Australia’s privacy watchdog is set to be more selective in the individual privacy complaints it investigates, shifting its focus instead to broader issues and deterrence activities.
Commissioner Carly Kind unveiled the shift in a blog post late yesterday, saying the Office of the Australian Information Commissioner (OAIC) would “take a robust approach to assessing the validity of individual privacy complaints, and deciding which privacy complaints warrant an investigation.”
“We believe a more proactive enforcement focus on systemic harms and market practices will make a real difference, but in order to carve out the time, resources and capability to make such a shift we need to apply more robust thresholds to our individual privacy complaint handling practices,” Kind wrote.

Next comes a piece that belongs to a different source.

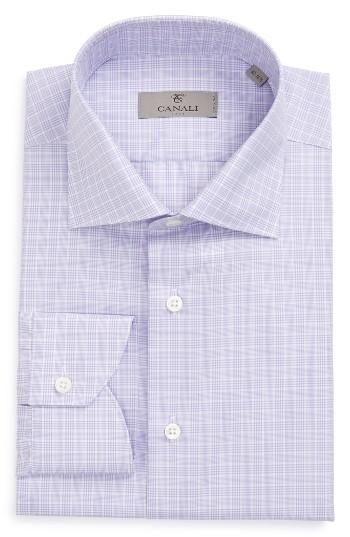 Men's Canali Regular Fit Plaid Dress Shirt - Purple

“We want to speed up the time it takes us to deal with privacy complaints, and ensure that the OAIC’s resources are being applied proportionately to address serious and valid privacy complaints.
“Our efforts will be increasingly directed to resolving matters in a way that will result in meaningful change.”
Kind indicated that types of privacy complaints more likely to be investigated are those with broader implications for Australian privacy laws.
“Some individual privacy complaints, while they may establish breaches of the Privacy Act, may not warrant investigation in all of the circumstances, particularly when they arise amidst other issues or proceedings, or where they don’t meet a threshold of seriousness that warrants the proportionate investment of our resources,” Kind wrote.
Kind said the current individual privacy complaint backlog at the OAIC is “significant”.
“As at February 2026, it is unlikely that we will be able to substantially progress new validly lodged individual privacy complaints for some six to 12 months after they are lodged (unless we determine there are exceptional circumstances which may warrant expeditious consideration),” she wrote.
The OAIC’s annual report shows it received 3295 privacy complaints in 2024-25, roughly the same as the prior year.